Now let me tell you how it was this morning, how inevitable the tragedy which occurred next door and how innocent I remain of causing it, regardless of how well it seems to suit my purposes.
--from Serena--June 1, 1899--September 8, 1899
How silent is a street in morning, before the houses awaken.
I can look out across Avenue L and see a light here and there, in upstairs windows mostly: husbands rising to go to work, wives padding around sleepily in house robes, the smells of coffee making and breakfast cooking soon to rise in the air. It is a day like any other for everyone on the block except me, and although in a few minutes I, too, will softly make my way down the stairs and put the coffee on for Dad, I will only be going through the motions of routine, trying not to betray myself by serving oatmeal with shaky hand or answering morning-time questions too quickly. "How did you sleep, Nan? Going to the beach today? Paper come yet?"
Six hours, six hours.
--from Willa--December 20, 1920--December 26, 1920
I've traveled almost a thousand miles in the past week, yet this fifteen-minute drive between Union Station and Heights Boulevard seems the longest journey of all. There may be nothing at its end except an empty house with a For Sale sign posted out front. And what would the buyer find?

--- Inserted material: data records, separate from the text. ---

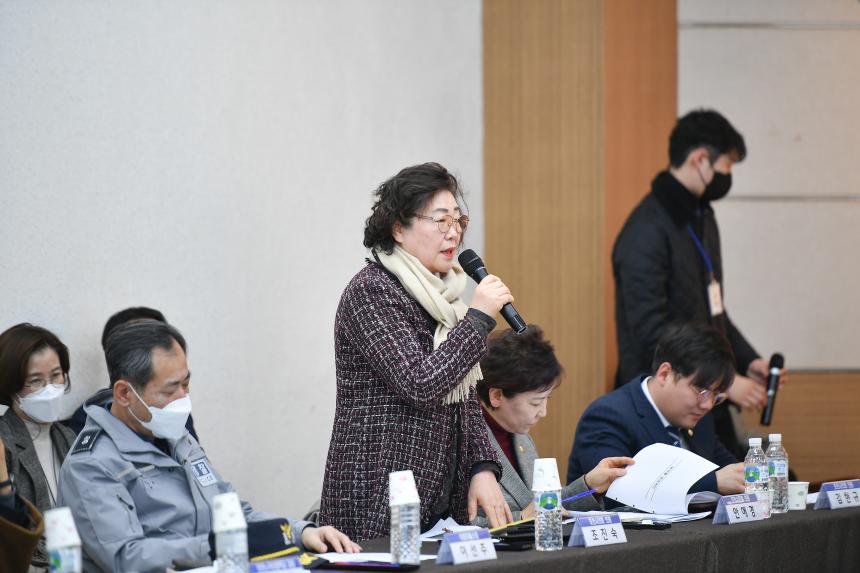 이동면 주민과의 공감소통간담회 - 50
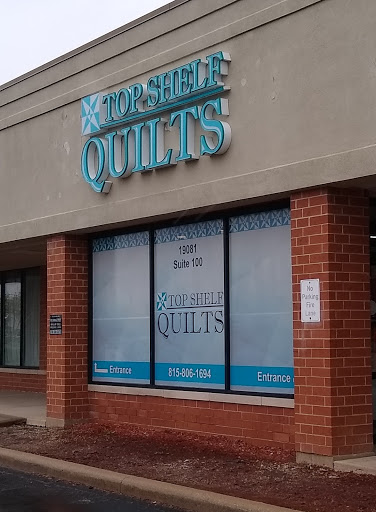 Fabric Store «Top Shelf Quilts», reviews and photos, 10 Elwood St, Frankfort, IL 60423, USA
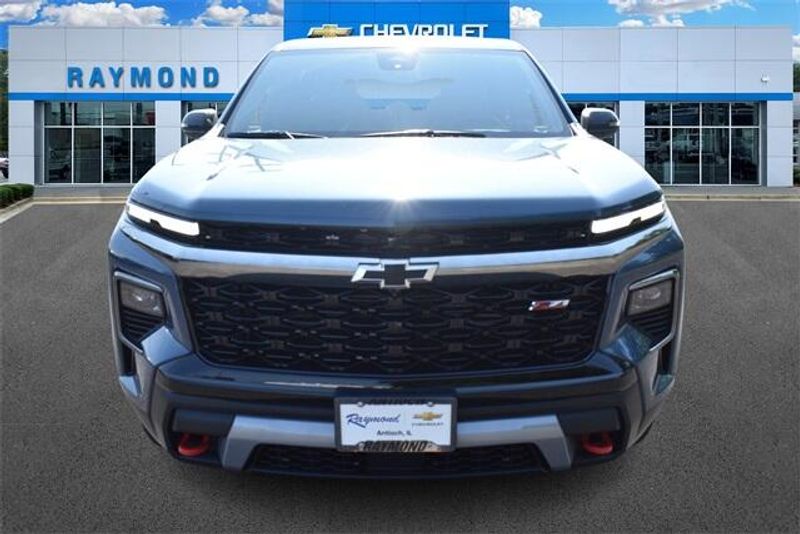 New 2025 Chevrolet Traverse Z71Image 8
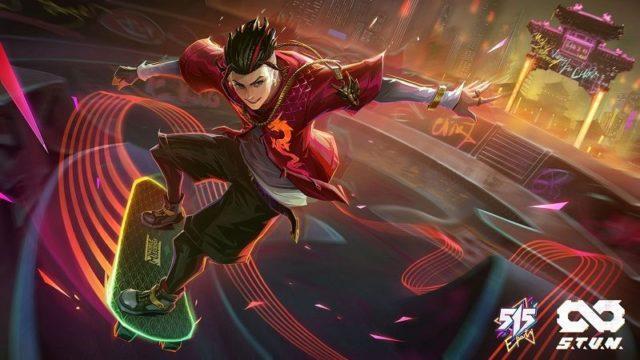 3 Alasan Chou Hero yang 'Gila' Buat Jungler di Mobile Legends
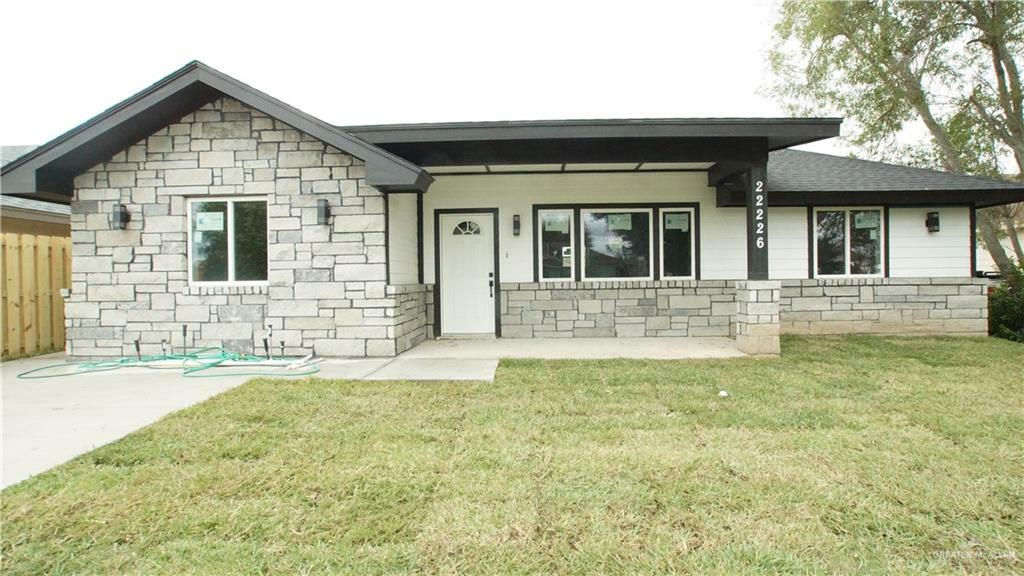Property Photo: 22226 E Shelley Drive TX 78552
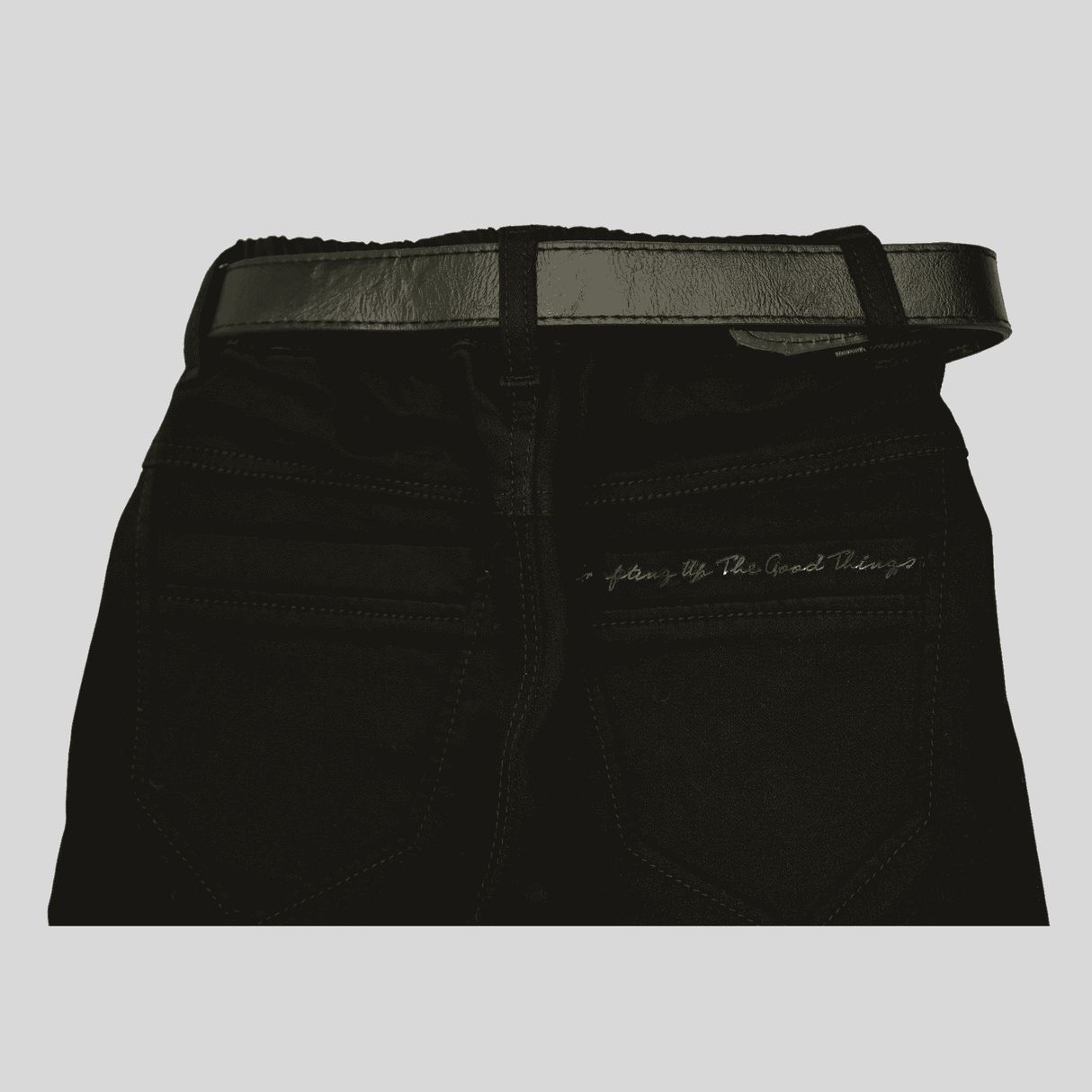 Boys Casual Stylish pant for Boy - Black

A rambling house with fresh paint job, maybe even some furniture for sale inside? An undercroft that once frightened a girl so as she descended into it, she almost tripped over her own feet, scurrying up to the entrance door at the top?...

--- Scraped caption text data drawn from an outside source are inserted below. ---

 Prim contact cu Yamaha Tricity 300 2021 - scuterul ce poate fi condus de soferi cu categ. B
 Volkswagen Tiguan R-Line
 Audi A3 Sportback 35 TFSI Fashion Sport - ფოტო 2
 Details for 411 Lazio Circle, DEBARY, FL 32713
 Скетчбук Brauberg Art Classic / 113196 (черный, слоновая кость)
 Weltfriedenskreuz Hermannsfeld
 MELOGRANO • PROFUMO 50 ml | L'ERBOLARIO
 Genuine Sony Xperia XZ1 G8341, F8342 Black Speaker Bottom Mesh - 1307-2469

What would you have done in my place?
There I am, about to sign away the rest of my life to a man I'm not even sure I love when I happen to find this Godforsaken-looking carpetbag that I've an odd feeling I have seen before. And when I look inside and touch the material of the nightgown lying on top, my memory is like an arrow hitting target: within the space of a few moments, I relive the catastrophe which followed my first discovery of the bag, years before, and I know then there must have been some reason why it was so important I not see the bag that first time or ever again.

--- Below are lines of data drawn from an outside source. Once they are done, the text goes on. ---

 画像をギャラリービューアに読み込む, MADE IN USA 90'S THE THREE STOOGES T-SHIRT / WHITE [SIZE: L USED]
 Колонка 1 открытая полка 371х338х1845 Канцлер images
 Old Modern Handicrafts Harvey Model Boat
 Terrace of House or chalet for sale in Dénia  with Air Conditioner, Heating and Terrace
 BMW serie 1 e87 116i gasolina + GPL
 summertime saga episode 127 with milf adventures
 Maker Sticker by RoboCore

I pull out the gown, and discover next a pair of dancing shoes, and finally, as though hidden away all these years just for me, a picture of two people I assume to be my real parents, two entertainment programs, brittle with age, and two addresses written in childish scrawl on a slip of paper, for a boy I never heard of. I know at once to whom the bag belonged, and that I have been the victim of an elaborate charade about my real beginnings, and the long suppressed hope rises in me again: my mother may yet be alive and missing me.